A. アメリカなどへ行く際、預け入れ荷物の「検査のために鍵を開けられるロック」のことです。TSAマークがない鍵をかけて預けると、こじ開けられて壊される可能性があります。アメリカに行くなら必須アイテムです。
Q. キャスターがうるさい場合はどうすればいいですか?
A. キャスターの静音性は、タイヤの素材(ウレタンやTPE素材は静か)、ベアリング(軸受け)の品質に依存します。購入前に「静音キャスター」と明記されているモデルを選びましょう。また、長年使っているとホコリで音が大きくなることもあるので、定期的に手入れをすることも大切です。
まとめ:自分の旅行スタイルに合った1台を選ぼう
いかがでしたか?
- 「スーツケース」と「キャリーケース」は今ではほぼ同じ意味。ただし「キャリーケース」は和製英語。

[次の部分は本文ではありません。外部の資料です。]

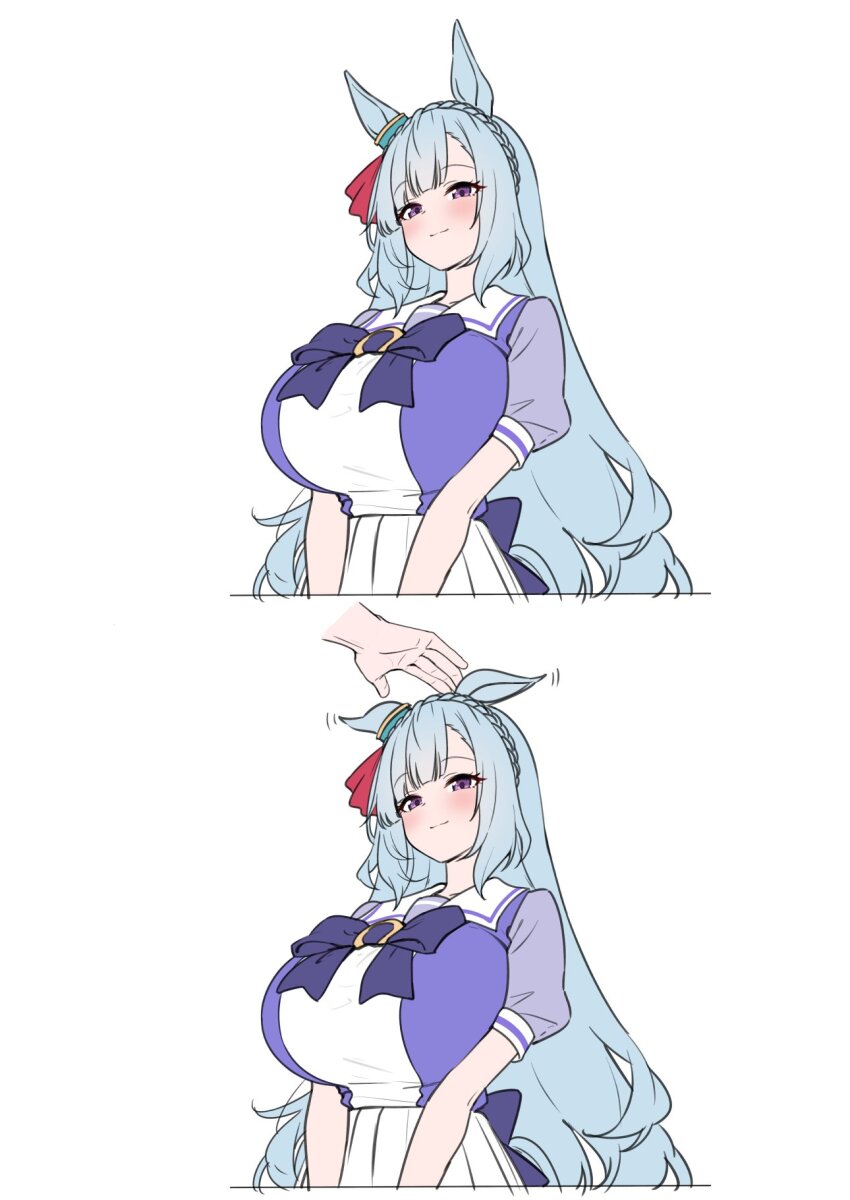Mejiro Ardan (Umamusume) Rule 34 Image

- 選ぶ時は「サイズ(1泊10L)」「素材(ハード/ソフト)」「キャスター(2輪/4輪)」の3つを軸に考える。
- ブランドは、デザイン重視ならイノベーター、国内安心ならエーストーキョー、コスパ重視ならレジェンドウォーカーが候補のひとつ。
何より大切なのは、あなたの旅行の行き先や期間、使い方に合ったスーツケースを選ぶことです。価格やデザインだけでなく、今回紹介した比較ポイントを参考に、ぜひ「これなら長く付き合える」と思えるパートナーを見つけてください。